DEFAULT_K8S_SELECTOR_LABEL = "eks.amazonaws.com/nodegroup"


class NebariWorkflow(Workflow):
"""Hera Workflow object with required/reasonable default for running
on Nebari
"""

def __init__(self, **kwargs):
super().__init__(**kwargs)

if "ttl_strategy" in kwargs.keys():
self.ttl_strategy = kwargs["ttl_strategy"]
else:
self.ttl_strategy = TTLStrategy(
seconds_after_completion=DEFAULT_TTL,
seconds_after_success=DEFAULT_TTL,
seconds_after_failure=DEFAULT_TTL,
)

if "node_selector" in kwargs.keys():
self.node_selector = kwargs["node_selector"]
else:
self.node_selector = {DEFAULT_K8S_SELECTOR_LABEL: DEFAULT_ARGO_NODE_TYPE}

self.namespace = os.environ["ARGO_NAMESPACE"]

self.labels = {
"workflows.argoproj.io/creator-preferred-username": sanitize_label(username),
'jupyterflow-override': 'true',
}


def create_conda_command(
script_path,
conda_env,
stdout_path="stdout.txt",
):
"""Workflows need to be submitted via a bash command that runs a
python script. This function creates a conda run command that
will run a script from a given location using a given conda
environment.

Parameters
----------
script_path: str
Path to the python script (including extension) to be run on Argo
conda_env: str
Conda environment name in which to the run the `script_path`
stdout_path: str
Local Nebari path (for your user) for standard output from
the given script. Defaults to `stdout.txt`.

Returns
-------
String bash command
"""

conda_command = f'conda run -n {conda_env} python "{script_path}" >> {stdout_path}'
return conda_command


def create_bash_container(name="bash-container"):
"""Create a workflow container that is able to receive bash commands"""
bash_container = Container(
name="bash-container",
image="thiswilloverridden",
inputs=[
Parameter(name="bash_command")
], # inform argo that an input called bash_command is coming
command=["bash", "-c"],
args=["{{inputs.parameters.bash_command}}"], # use the input parameter
)
return bash_container


def submit_argo_script(script_path, conda_env, stdout_path="stdout.txt"):
"""Submit a script to be run via Argo in a specific environment"""
validated = validate_submission(script_path, conda_env)

if not validated:
raise RuntimeError("Unable to submit Argo workflow")
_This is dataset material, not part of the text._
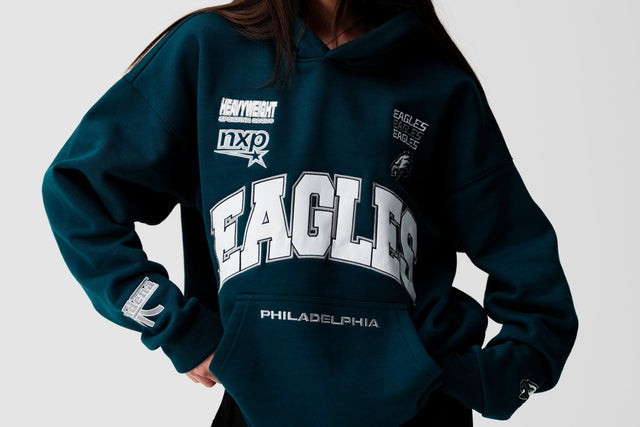 NFL Philadelphia Eagles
conda_command = create_conda_command(script_path, conda_env, stdout_path)

LOGGER.debug("Submitting command {conda_command} to Argo")

with NebariWorkflow(
generate_name="workflow-name-",
entrypoint="steps",
) as w:
bash_container = create_bash_container()
with Steps(
name="steps", # must match Workflow entrypoint
annotations={"go": "here"},
):
bash_container(
name="step-name",
arguments=[Parameter(name="bash_command", value=conda_command)],
)

workflow = w.create()
return workflow

Next, you'll need to create a python script and a conda environment. Then to submit the workflow to Argo you would run the high level command:

path = '/path/to/pyfile.py'
nebari_conda_env = 'analyst-workflow-env'
submit_argo_script(path, nebari_conda_env)

Now you can go to the Argo UI and monitor progress!

Conclusion

Well done! You've learned how to submit a python workflow to Argo and have a few extra tools to help you along.